There was an article about Vista in an issue of PC Magazine from halfway through 2006. One of the topics was game performance. Although nothing was mentioned regarding XP games being slower, I remember reading about how the original XBox, with it's 733MHz PIII and 64MB of RAM, was able to run Halo 2 so well. It had something to do with how the software was able to talk directly to the hardware, without having to go through the windows graphics device interface, or whatever the fudge it's called. Games written specifically for Vista should do the same thing. Back then, they cited something like a 30% performance boost.
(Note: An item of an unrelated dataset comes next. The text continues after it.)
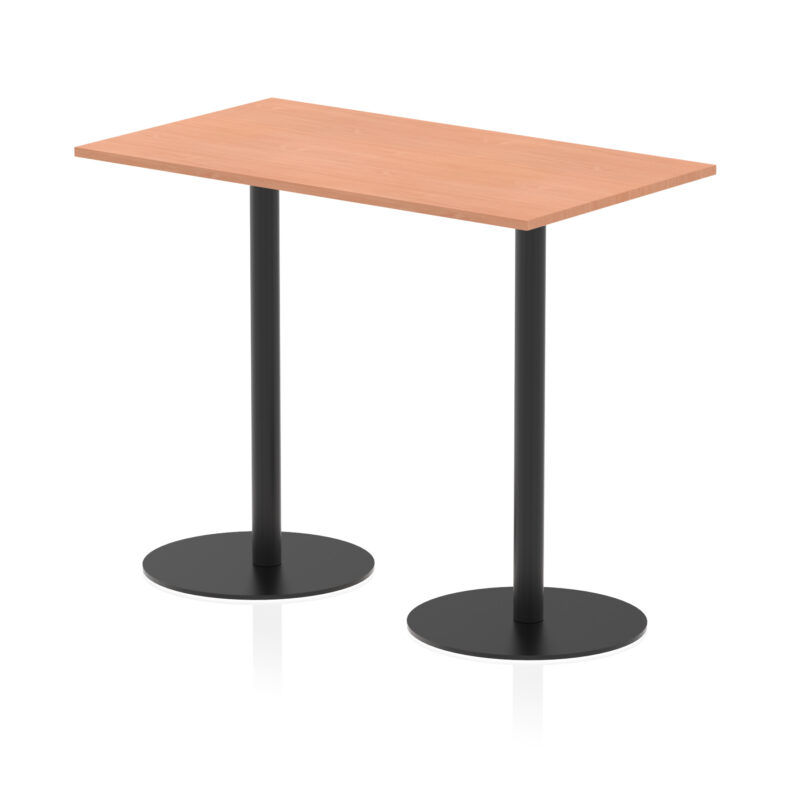 Sintra Rectangular Poseur Table Black Leg - Image 19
As long as that doesn't turn out to be complete and utter BS, I don't think I'll mind keeping my dual-boot config just so I can play XP games in XP and Vista games in Vista.

Unless you can't keep XP on a separate partition due to Windows Upgrade (and even that can supposedly be circumvented), there's no reason not to have both.

Xbox is fast because all games can be targeted and optimized for exactly that hardware, and because games written for it can guarantee certain things - certain performance, certain timings, and certain hardware being always available. It can also talk directly to the hardware, without having to go through a full DirectX library and significant other abstractions that are in Windows.

I have a tough time with any claim of "games written just for Vista being 30% faster" -- there's no magic library that makes it 30% faster, nor an optimization or link that would be required in XP and not in Vista that would make things that much faster. That's a _huge_ jump in modern terms!